A literatura indígena, na verdade, nunca existiu. Ela não existe, é apenas uma estratégia de luta, um instrumento de libertação, de conscientização. Eu sempre considero que a gente precisou partir para a literatura porque não tinha outros espaços. Estava todo mundo ocupando nossos espaços. Eu vi centenas de pessoas escreverem sobre as lendas indígenas, alterando o conteúdo do texto, o final da história. Escritores que não eram indígenas, que pegavam um mito e alteravam para um texto escrito. Muda tudo. Não pode ser mudado. Aquilo é feito por indígena, alguém tem de defender esse território também. POTIGUARA, Eliane. Metade cara, metade máscara. São Paulo: Global, 2004. De acordo com o texto, é correto afirmar que
- A)a literatura indígena tem voz ativa no processo de interpretar e problematizar os padrões de ordenamento territorial estabelecido e a des-reterritorialização contemporânea.
Correta, porque traduz a literatura indígena como voz ativa de resistência, defesa de território simbólico e problematização de espaços historicamente ocupados por outros.
- B)os métodos da historiografia literária baseados na periodização estilística proporcionam ao estudioso da literatura indígena maiores possibilidades de compreensão do mundo.
Errada, porque o texto não fala de periodização estilística nem de métodos da historiografia literária como chave de compreensão.
- C)a revisita dos estudos sobre a literatura indígena da época colonial oferece o maior interesse para a compreensão da cultura brasileira.
Errada, porque a autora não trata da época colonial como objeto principal de interesse, mas da autoria indígena contemporânea e da disputa de voz.
- D)os europeus de outras nacionalidades que aqui estiveram também deixaram documentos importantes para a literatura indígena brasileira.
Errada, porque o texto critica justamente a intervenção de não indígenas sobre mitos e narrativas, e não valoriza documentos europeus.
- E)a literatura nativa do período romântico é responsável pela criação da identidade nacional dos indígenas atuais.

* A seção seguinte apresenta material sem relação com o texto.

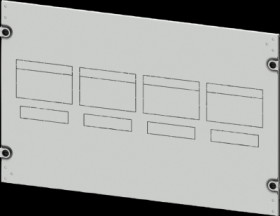 Aperture, rectangular, sheet steel, (W x H x D) 800 x 450 x 10 mm, light gray, 8PQ2045-8BA13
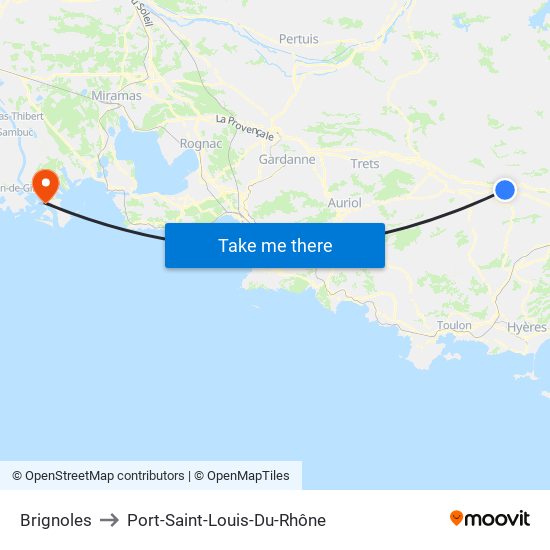 Brignoles to Port-Saint-Louis-Du-Rhône map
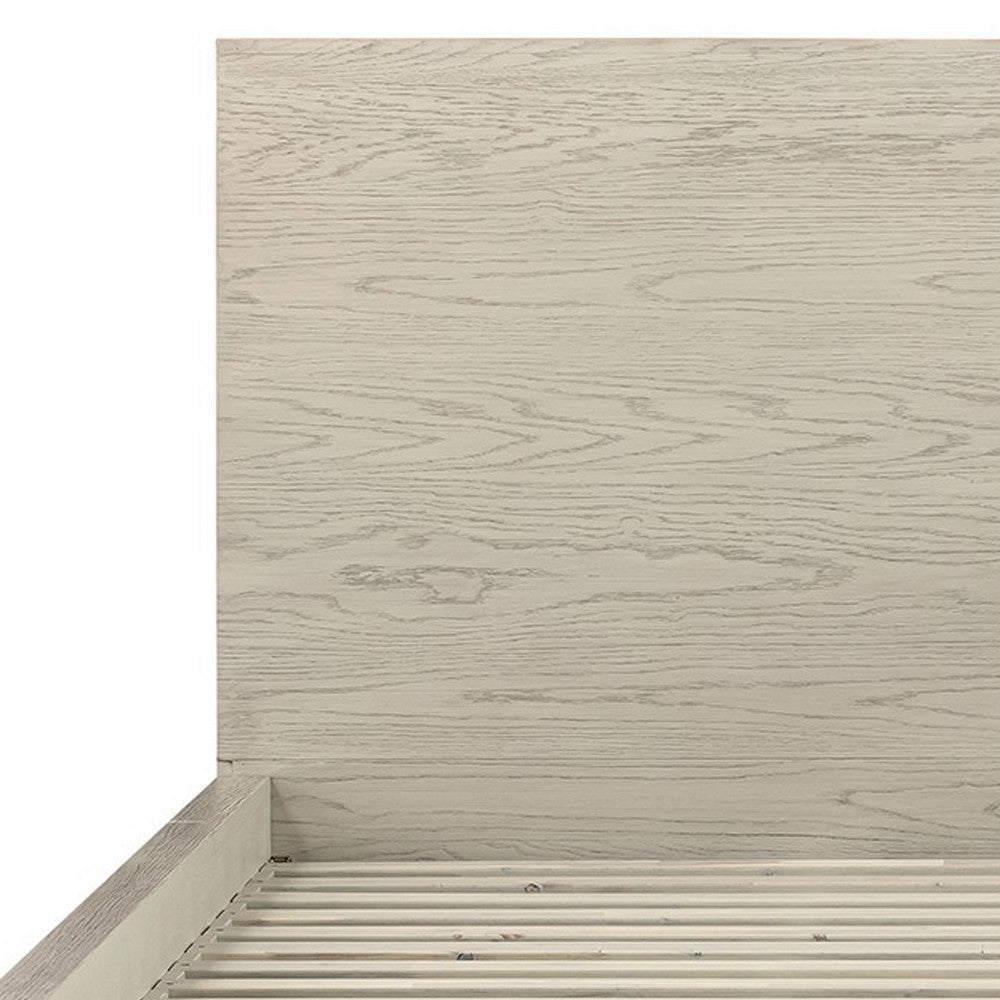 Joni Modern Wood King Platform Bed Frame Tall Headboard Low Profile Gray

Errada, porque o foco não é o romantismo nem a construção da identidade nacional, mas a afirmação da literatura indígena como resistência e conscientização.
Gabarito: A
A fala de Eliane Potiguara deixa claro que a literatura indígena não é só arte pela arte: ela funciona como instrumento de resistência, afirmação identitária e defesa de território simbólico e cultural. Quando ela diz que "estava todo mundo ocupando nossos espaços", a ideia é justamente denunciar a apropriação da voz indígena por quem reconta mitos, lendas e histórias sem respeitar o sentido original. Nesse ponto, a literatura aparece como espaço de luta política e de conscientização, não como mera decoração cultural. Por isso, o texto valoriza a voz ativa do próprio povo indígena na interpretação da sua realidade. A produção literária indígena fala desde dentro, com pertencimento, memória e denúncia, e combate a desfiguração feita por narrativas externas. Em termos práticos: não se trata de alguém narrando sobre os indígenas, mas dos próprios indígenas narrando a si mesmos, o que muda completamente o lugar da fala. A alternativa A capta exatamente essa ideia ao relacionar a literatura indígena com a interpretação e problematização de padrões já estabelecidos e com a defesa de um território simbólico e cultural. Mesmo que a redação da alternativa use expressões mais teóricas, o núcleo está correto: a literatura indígena atua como instrumento de resistência e de reterritorialização da palavra, isto é, de retomada do espaço de fala. As demais alternativas fogem do texto porque trazem periodização estilística, historiografia colonial, documentos europeus ou romantismo nacional, temas que não aparecem na citação e não correspondem ao sentido defendido por Potiguara. Aqui, o ponto central é a autoria indígena como resistência, e não uma análise tradicional da história literária.